The Gospel Reading of today is the beginning of the Good News according to St. Mark. The opening verse - “The beginning of the Good News about Jesus Christ, the Son of God.” sets the theme for his Gospel. This sets the stage for all that follows in the entire Gospel. St. Mark tells us that this is the beginning of the story of Jesus which commences with his life and his ministry but continues on to include our own times. That is the story he wants to tell, or rather, the good news he wants to proclaim, gradually unfolding identity of the man Jesus as 'the Son of God', which is ultimately pronounced by a pagan soldier at the foot of the cross saying, “He is truly the Son of God.”
The opening verse is also the profession of faith. These words fling us right into the middle of Jesus' cause for coming into the world. In the Gospel St. Mark tells us that the story of Jesus did not begin with his birth on earth but began in the mind of God from the beginning of times. Thus it shows us that the advent of Jesus must be understood as a part of God’s saving plan. God fulfilled the plan He had for us when creation began. He raised us to the dignity of divine son-ship by the incarnation and made us inherit the Kingdom of God.
Now, the First Reading provides the background for the Gospel Reading. John the Baptist emerges here as the immediate precursor of Jesus. “Behold, I am sending my messenger ahead of you ….Prepare the way of the Lord, make straight his paths. Mark attributes this prophecy to Isaiah but in fact it also combines phrases from the Exodus and the Prophet Malachi. By combining the Old Testament texts St. Mark shows that John the Baptist brings together the Old Testament tradition of promise for which Jesus is the fulfillment. As precursor, John prepares the people by calling them to reorient their lives and turn back to God. This is symbolized by the proclamation of “a baptism of repentance for the forgiveness of sins. John the Baptist's preparation for the coming of Jesus was not aesthetic or physical beautification. He calls for a spiritual preparation. A spiritual preparation is crucial and important for the coming of the Messiah or Lord. The response of the people to this call of conversion is noteworthy. In Mark's description of John's ministry, he highlights the fact that the people confessed their sins in response to the Baptist's call to repentance.
Again, St. Mark describes John the Baptist's clothing and food in a way reminiscent of Elijah - “John was clothed in camel's hair, with a leather belt around his waist. He fed on locusts and wild honey. He also wants the reader to make the connection between John the Baptist and Elijah, another great Old Testament prophet who called Israel to repentance and whose return it was popularly thought would usher in the Messianic Era. John does what Elijah did and he looks as if he is presenting the ways of Elijah. Actually, John's message was present not only in his words but also in his whole life. The man himself was the message. Through the simplicity of life and asceticism John gave his witness and as a result of his witness, people came to him, believed in him, and obeyed him.
Moreover, despite his seeming popularity, John the Baptist did not bank on it - he remained humble. He was so humble before the message of God that he became the message, the voice, of God the Father. He was aware of his role and the limits of his role. He knew who he was in relation to Jesus. He knew that his ministry was never about him, never about how good of a preacher he was to have been able to draw “People of the whole Judean countryside and all the inhabitants of Jerusalem” to him in the waters of the Jordan River. It was only all about Jesus, whom he describes as “One mightier than I,” and he in his great humility would not even dare “stoop and loosen the thongs of his sandals.” Even Jesus' mission is mightier, for his baptism “with water” merely symbolized repentance from sin, but Jesus’ Baptism “with the Holy Spirit” actually effects what it symbolizes. It really and truly washes sins from the soul.
Finally, when we look at John the Baptist’s noble vocation, let's not think that he is merely an isolated figure stuck in history two thousand years ago. We too are John the Baptist of today.

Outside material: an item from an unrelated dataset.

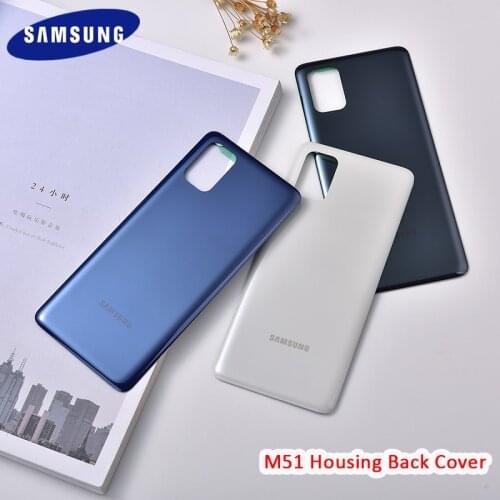 Original Battery Back Cover Samsung M51 Plastic Phone Rear Door Back Housing Case Replacement Accessories For Galaxy M 51 & Logo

Now, “Prepare the way of the Lord, make straight his paths,” is a common usage during the Advent season. It is an invitation to get ready to welcome the Lord. Through the liturgy of the 2nd Sunday of Advent, we are invited to tread the path of repentance and conversion. So, during this period of Advent when we prepare ourselves for the coming of Our Lord, what should our response be? We have to fill in the valleys that come from a shallow prayer life and a minimalistic way of living our faith. We have to straighten out whatever crooked paths we've been walking: If we've been involved in some secret sins or in a sinful relationship, the Lord calls us through the challenging words of John the Baptist to end it; if we've been involved in some dishonest practices at work or at home, we're called to straighten them out and do restitution; if we've been harboring grudges or hatred, or failing to reconcile with others, now's the time to clear away all the debris; and if we've been pushing God off the side of the road, if we've been saying to Him that we don't really have the time for Him, now's the time to get our priorities straight. This Advent—which is a gift of the Lord to us, and who knows it may be our last—will succeed or fail on the basis of how well we convert and clear our lives of sin so that the Lord may come to us. And this is the Good News of today.


Friday, November 14, 2014

Homily - 1st Sunday of Advent (Year B)

1st Sunday of Advent (Year B)

First Reading: Isaiah 63b-17, 19b; 64:2-7 Second Reading: 1 Corinthians 1:3-9 Gospel Reading: Mark 13:33-37


Today is the 1st Sunday of Advent and it marks the beginning of a new Liturgical Year. This is actually Year B of St. Mark. We do not begin at the beginning of St. Mark’s Gospel, however - that will come next week. The opening Gospel passage of this Sunday is taken from near the end of the Gospel - just before St. Mark begins the account of Jesus' passion.
In the literal sense, the word 'advent' means 'coming of someone,' and we wait for the coming of someone we love, but in the Christian liturgical sense it specifically implies to 'the coming of Christ.' and we eagerly and watchfully wait for the coming of Christ.
Now, considering 'the coming of Christ', we find that it is a mystery, for Christ has already come in the past about 2000 years ago, Christ still comes today in the sacraments – very specifically through the Eucharist, and Christ will come in future at the end of the world. Thus in a general sense, the Advent Liturgy, simultaneously evokes the past of salvation history, while promising its eschatological fulfillment in the future and rendering both past and future present in the today of salvation. Obviously, it is not surprising that we begin the new Liturgical Year this Sunday, with the same theme of 'the coming of Christ', where we ended it last Sunday.
Specifically speaking, we have about 4 weeks of Advent and the 4 Sundays of Advent are supposed to primarily prepare us for the celebration of Christmas, but they have an even more important preparation in mind viz. the readiness of each one of us for the 2nd & final coming of Christ at the end of the world; and this we do by means of our constant & active involvement through properly welcoming Christ, and receiving him in our hearts who comes to us today in sacraments.
Today’s Scripture Readings assure us that the Lord is coming. But an individual has to be alert and must be on watch. The First Reading from the Book of the Prophet Isaiah brings us face to face with a God who is Father and with the reality of our own sinfulness before Him. The Prophet Isaiah makes a prayer of yearning asking God to come and save us from sin. St. Paul in the Second Reading from his 1st Letter to the Corinthians stresses on the fidelity asking people to remain faithful to Jesus to the end. The Gospel Reading from St. Mark, invites all to a spiritual vigilance. We are told to be always watchful and ever alert so that the coming of the Lord does not find us unprepared, for no one knows the day or hour of his coming.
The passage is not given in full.